If you do, then we should discuss how to make your point visible. One idea could be to add a mention at the top of "Summary of ongoing feedback". People checking the Quotas page would see the link to the Regional Seats idea. We can also think how to make it very visible in the Quotas talk page. Maybe the discussion itself could start/continue in the Quotas Talk page itself, with a possibility of spinning it off if it catches a lot of feedback. What do you think? Qgil-WMF (talk) 20:31, 2 February 2021 (UTC)[reply]
Dear Quim, thank you for your answer and good summarization. Yes you caught the point very well. I do think that mentioning "quotas" as an alternative is too broad, and can be subject to all sorts of interpretations. It is also an idea that is rather easy to criticize (as I am not supportive of its general tone either).
So yes, you understood my formulation well, and it is that I suggest to address a specific point, which is geography, and have it as a separate point (as I believe it is the most critical point coming to diversity, if we see the history of the composition of the community seats). If we keep it within the quota page, this would seem like an "endorsement" or an "add-on" to the idea, while it is not (I have myself written that I am against it in its current formulation). If possible, I would go with both alternatives (having it mentioned in the summary, and also linked at the quota page). I know that other people can come with close ideas (such as a seat for underrepresented communities/minority languages), so if this grows and gets interest, maybe we can have a separate discussion for these threads/alternatives? Best -- Anass Sedrati (talk) 21:03, 2 February 2021 (UTC)[reply]
@Anass Sedrati Alright, this makes sense. Let us finish this long day of office hours, sleep a bit, and discuss tomorrow in our team how we can best accommodate for this idea (and others to come). In any case, have no doubt that in our conversations with projects and affiliates we will add the specific aspect of regional seats to the list of ideas to consider. Qgil-WMF (talk) 21:11, 2 February 2021 (UTC)[reply]
@Anass Sedrati Can you publish your proposal at Wikimedia Foundation Board of Trustees/Call for feedback: Community Board seats/Regional seats using a neutral style, please? Basically rephrasing sentences written in first person and avoiding personal judgement of other ideas. It is useful to say that this idea about regional seats doesn't endorse the other idea proposed about quotas in general. I guess you understand what I mean, and we can polish the text just by editing it if needed. Once we are all happy about the text, we will link it from places. I am watching the page and I will try to respond as soon as possible. Feel free to ping me on chat for quicker response. Qgil-WMF (talk) 11:23, 4 February 2021 (UTC)[reply]
Hello Qgil and sorry for my late answer. I just saw that you sent two messages in that matter. I will do what you suggest and publish the proposal at the suggested page. You should see a text there in few minutes. Thank you for the help :) -- Anass Sedrati (talk) 10:53, 5 February 2021 (UTC)[reply]
@Anass Sedrati See the Regional seats page, now linked from different places. I have edited the mention to the Quotas page because it implied that it is a final idea that is broad and with an unclear scope. The Quotas page aims to start a conversation, and it is broad precisely to not limit the conversation from the start. I have done my best keeping your intention of clearly statement that this suggestions doesn't imply an endorsement of the idea of quotas in general.
I want to make a second round later today to simplify the language a bit, without any changes in meaning. After some polishing, hopefully we will have a text we are all happy about, and then we will mark the text for translation. Sounds good? Qgil-WMF (talk) 16:58, 5 February 2021 (UTC)[reply]

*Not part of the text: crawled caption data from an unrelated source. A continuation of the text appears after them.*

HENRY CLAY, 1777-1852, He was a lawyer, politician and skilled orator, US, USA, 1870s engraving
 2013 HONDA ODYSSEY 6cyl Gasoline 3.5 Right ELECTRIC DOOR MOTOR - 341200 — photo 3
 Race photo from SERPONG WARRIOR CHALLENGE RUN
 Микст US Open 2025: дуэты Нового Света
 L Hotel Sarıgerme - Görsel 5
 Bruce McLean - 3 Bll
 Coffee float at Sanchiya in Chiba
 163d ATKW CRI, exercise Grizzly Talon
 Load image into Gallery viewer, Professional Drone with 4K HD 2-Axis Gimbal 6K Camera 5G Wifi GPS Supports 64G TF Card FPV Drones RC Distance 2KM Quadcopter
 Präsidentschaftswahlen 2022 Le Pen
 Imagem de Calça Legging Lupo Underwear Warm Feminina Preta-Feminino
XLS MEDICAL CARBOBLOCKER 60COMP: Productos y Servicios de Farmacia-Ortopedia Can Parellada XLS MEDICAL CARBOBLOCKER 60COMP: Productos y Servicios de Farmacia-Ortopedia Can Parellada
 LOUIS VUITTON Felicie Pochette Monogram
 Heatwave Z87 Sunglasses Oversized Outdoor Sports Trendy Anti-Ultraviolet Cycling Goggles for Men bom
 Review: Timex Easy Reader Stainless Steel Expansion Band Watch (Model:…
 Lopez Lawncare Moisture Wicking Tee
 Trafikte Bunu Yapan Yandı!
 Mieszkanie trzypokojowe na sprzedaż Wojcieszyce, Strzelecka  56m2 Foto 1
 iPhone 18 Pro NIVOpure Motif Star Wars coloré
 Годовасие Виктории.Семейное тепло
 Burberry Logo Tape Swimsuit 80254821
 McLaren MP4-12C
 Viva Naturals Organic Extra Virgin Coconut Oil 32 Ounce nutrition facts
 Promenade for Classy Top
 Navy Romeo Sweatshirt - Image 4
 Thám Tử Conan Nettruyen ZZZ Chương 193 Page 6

post to wikimedia-l and all-affiliates-l

Post to Wikimedia-l and All-Affiliates-l by ASBS election facilitators

(originally posted at

Members of the Board of Trustees and staff of the Wikimedia Foundation,

Please WMF Board of Trustees grant control of the WMF Board elections to the Wikimedia community, especially to the two existing committees. The Wikimedia community can manage its own values and ethics and has no need of non-volunteer, non-community members to assist with the fundamentals of designing the election.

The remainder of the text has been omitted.